Add hard timeouts to page cleaner flushes
|Percona Server||Status tracked in 5.7|
[27 Sep 15:51] Laurynas Biveinis
Currently the page cleaner thread is designed as follows, if I understand correctly:
- in a loop:
- do LRU tail flushing, controlled by max LRU scan depth;
- do flush list flushing, controlled by I/O capacity;
- sleep the remaining time until 1s.
Now the proper tuning (correct me if I'm wrong) would strive to minimize the sleep time and utilize storage as closely as possible to capacity.
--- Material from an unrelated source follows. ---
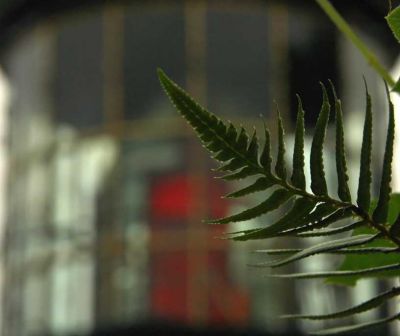 Cape Meares Lighthouse and Fern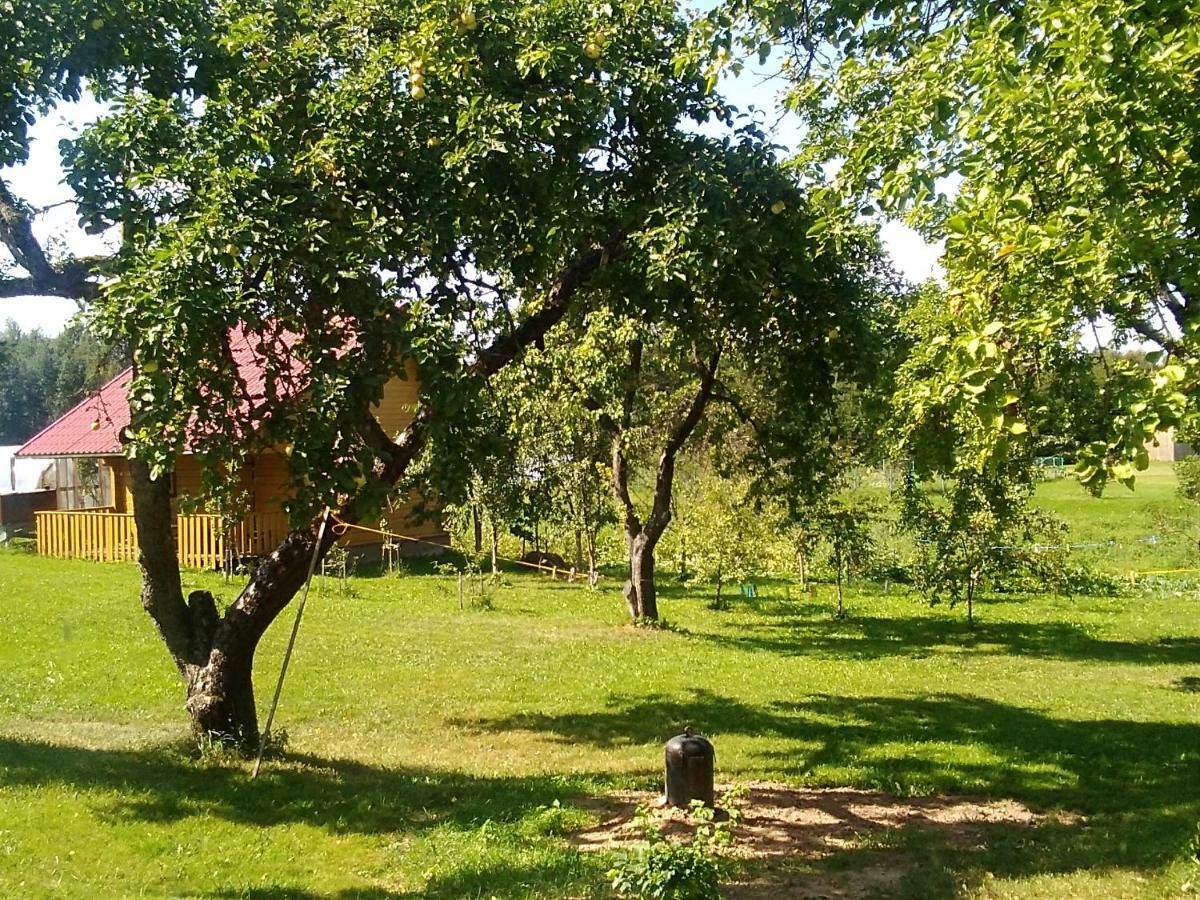 Ceslovos Sodyba Zarasai Bagian luar foto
But the flushing time is not only determined by the I/O variable settings, but also by how quickly can cleaner can get access to the shared resources such as buffer pool mutexes too. This means that the page cleaner iteration time, even with properly tuned I/O settings, can exceed 1 second. Under very heavy loads (sysbench, I/O-bound, 512 threads on 32 core) one page cleaner iteration might take as long as minutes. This is bad due to several reasons: if LRU flushing is taking that long, the flush list flushing is not happening, the query threads go to sync preflush. if flush list flushing is taking that long, the LRU tail flushing is not happening, the query threads go to single page LRU flushes. Moreover the page cleaner and adaptive flushing heuristics are designed to be updated roughly every second, and probably will not get a very exact idea of what's going if called once in several minutes.
How to repeat:
Benchmarks, code analysis
A partial solution would be to add a hard timeout, i.e. limit LRU tail flush to 1 second, checked after each batch, and flush list flushing to 1 second too. (the exact value of the constant is debatable). It looks it's more important to re-check heuristics and to alternate periodically between the two than to allow one of them to complete fully.
This is not a complete solution for the case of multiple buffer pool instances, because with a timeout, some instances may receive no flushing at all. This will be reported separately.